L’art comme projet révolutionnaire
Si de tels éléments ne peuvent résumer à eux-seuls la consommation de biens culturels sur internet, ils n’infirment pas non plus l’approche pessimiste qui était celle de l’École de Francfort. Il est probable que l’adage selon laquelle « the winner takes all » qui est, dans les faits, au cœur du modèle actuel du web, aurait confirmé les pires craintes de ces philosophes inquiets. Plus encore, dans leur vision du monde, la manipulation de l’art par les industries culturelles, en stérilisant ses capacités émancipatrices, pouvait aussi aboutir à la perpétuation à l’identique d’un ordre social injuste. La fonction suprême de l’art relevant au contraire d’un projet révolutionnaire visant à préfigurer une société alternative.

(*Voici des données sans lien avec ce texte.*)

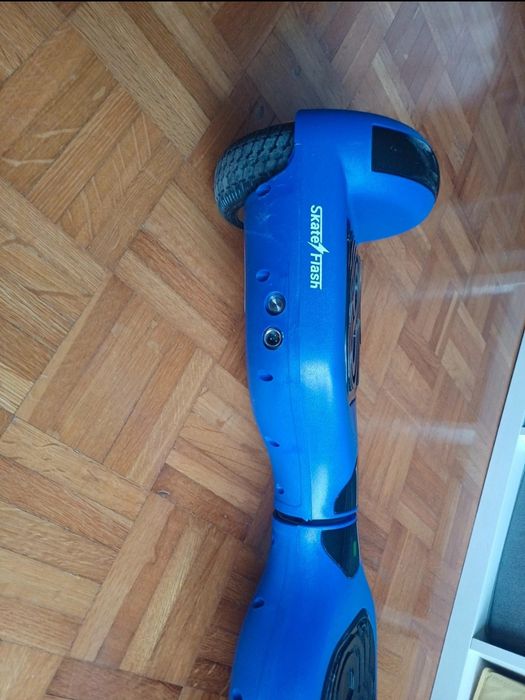 Hoverboard c/ BlueTooth, Saco, manual e carregador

Mais en définitive, puisque l’offre de contenus excède largement les possibilités de consommation, l’espoir se trouve peut-être ailleurs. Car ce phénomène de surabondance s’explique aussi par le fait que l’offre de contenus culturels n’est plus le monopole des professionnels désormais (artistes, producteurs, éditeurs). Et le public, autrefois réduit au rôle de consommateur, produit et diffuse aujourd’hui ses propres contenus sur le net. Il est probable que cet aspect de la révolution digitale en cours aurait reçu un bien meilleur accueil de la part des théoriciens de l’école de Francfort.